Rethinking Representation Learning-Based Hyperspectral Target Detection: A Hierarchical Representation Residual Feature-Based Method

Abstract

Representation learning-based hyperspectral target detection (HTD) methods generally follow a learning paradigm of single-layer or one-step representation residual learning and the target detection on original full spectral bands, which, in some cases, cannot accurately distinguish the target pixels from variable background pixels via one-round of the detection process. To alleviate the problem and make full use of the latent discriminate characteristics in different spectral bands and the representation residual, this paper proposes a level-wise band-partition-based hierarchical representation residual feature (LBHRF) learning method for HTD with a parallel and cascaded hybrid structure. Specifically, the LBHRR method proposes to partition and fuse different levels of sub-band spectra combinations, and take full advantages of the discriminate information in representation residuals from different levels of band-partition.
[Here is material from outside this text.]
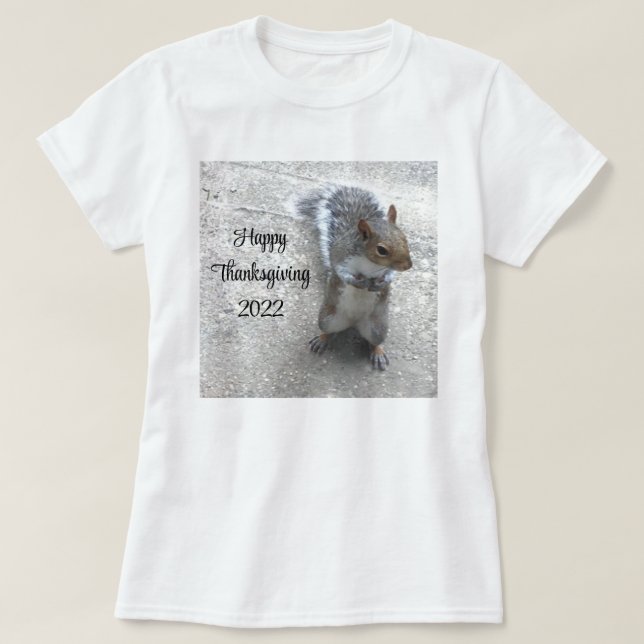 Foto des Niedlichen kleinen Eichhörnchens mit Fluf T-Shirt (Design vorne)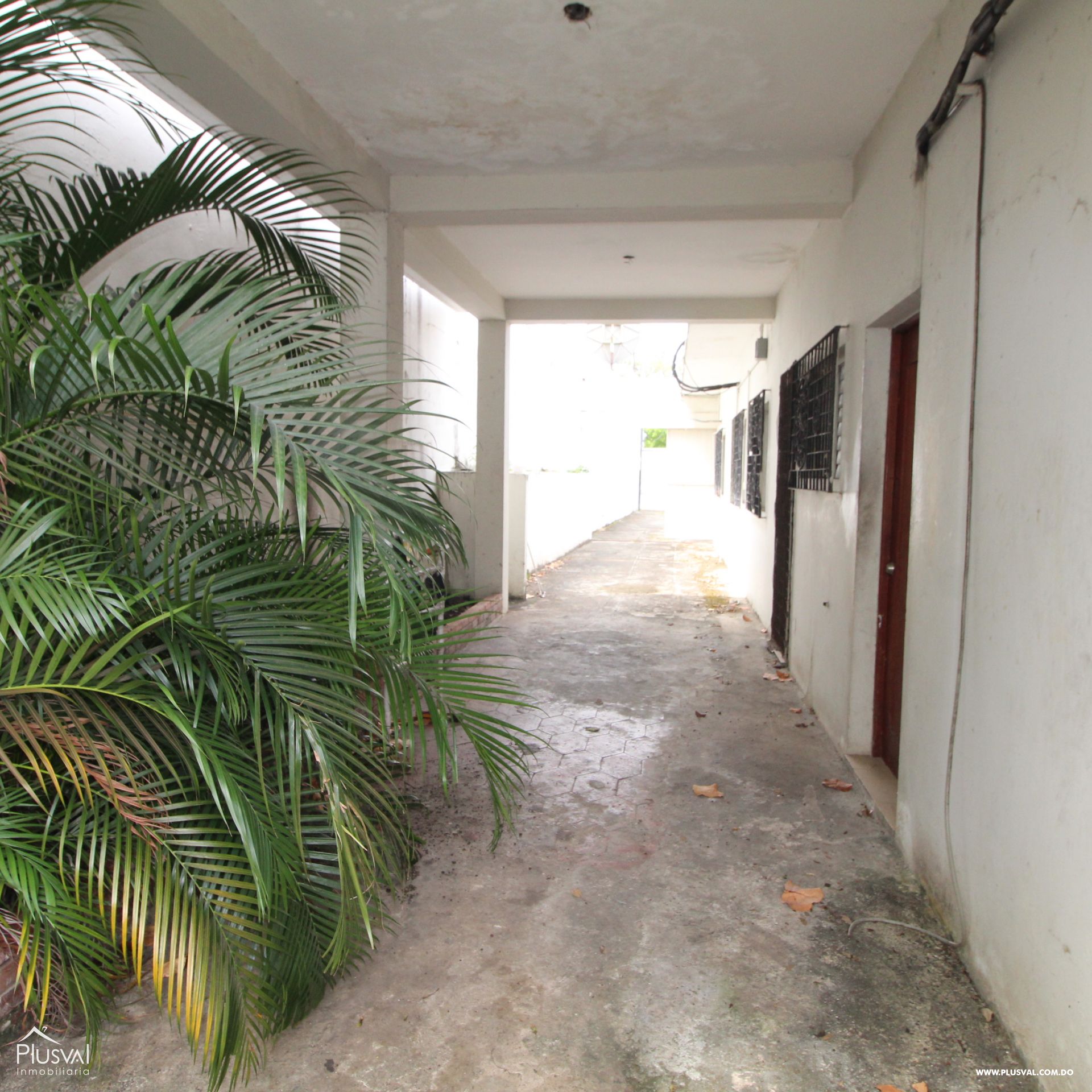 Amplio terreno en venta  ubicado en la Máximo Gómez . 209994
The highlights of this work include three aspects. First, the original full spectral bands are partitioned in a parallel level-wise manner to obtain the augmented representation residual feature through level-wise band-partition-based representation residual learning, such that the global spectral integrity and contextual information of local adjacent sub-bands are flexibly fused. Second, the SoftMax transformation, pooling operation, and augmented representation residual feature reuse among different layers are equipped in cascade to enhance the learning ability of the nonlinear and discriminant hierarchical representation residual features of the method. Third, a hierarchical representation residual feature-based HTD method is developed in an efficient stepwise learning manner instead of back-propagation optimization. Experimental results on several HSI datasets demonstrate that the proposed model can yield promising detection performance in comparison to some state-of-the-art counterparts.